WORK ITEM:
Given the records below, would you repeat exactly the lines that begin at the one containing "Schiesser Truser 2P" and end at the one containing "Dark Art Adjustable", inclusive?

EXTRACTED INFORMATION:
-.-.-

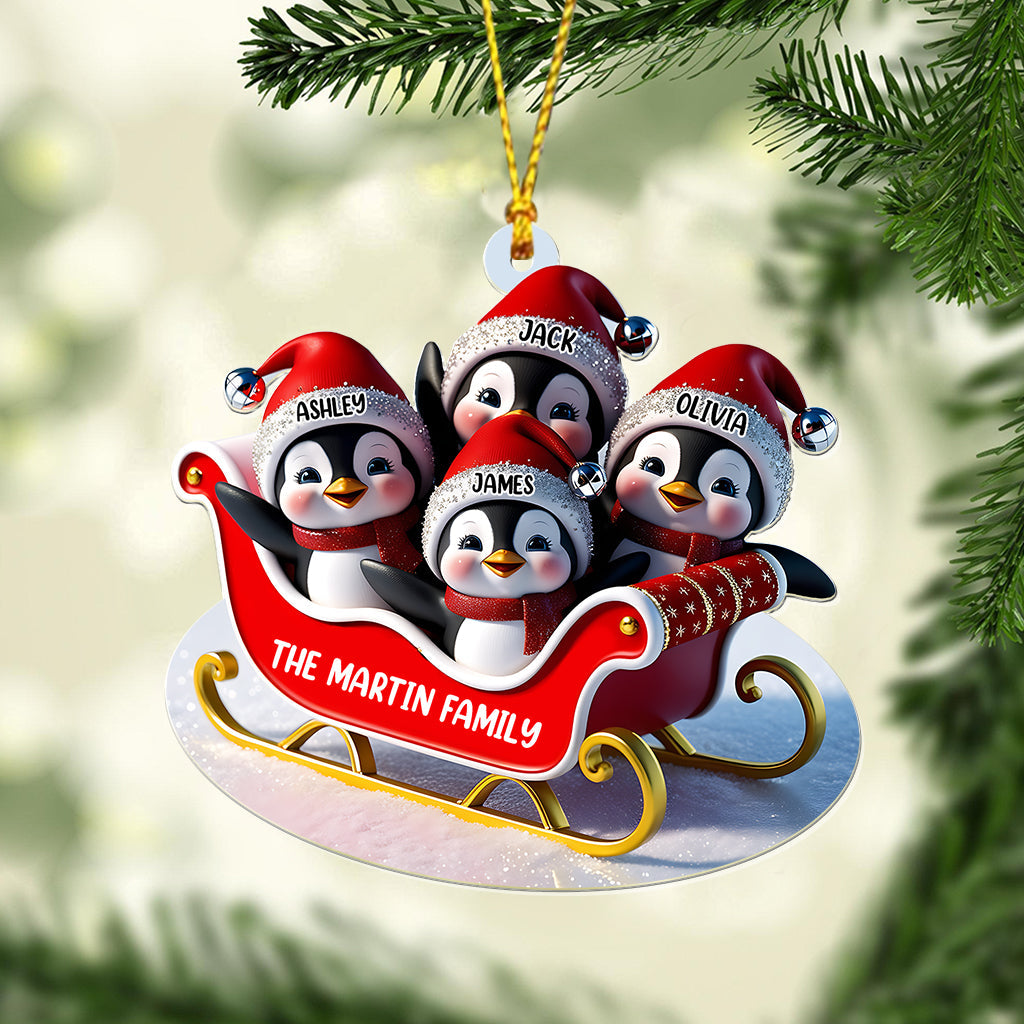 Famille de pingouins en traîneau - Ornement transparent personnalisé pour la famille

-.-.-

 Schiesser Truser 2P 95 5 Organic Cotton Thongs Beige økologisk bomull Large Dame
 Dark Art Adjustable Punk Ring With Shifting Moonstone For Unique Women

-.-.-

TASK OUTPUT:
 Schiesser Truser 2P 95 5 Organic Cotton Thongs Beige økologisk bomull Large Dame
 Dark Art Adjustable Punk Ring With Shifting Moonstone For Unique Women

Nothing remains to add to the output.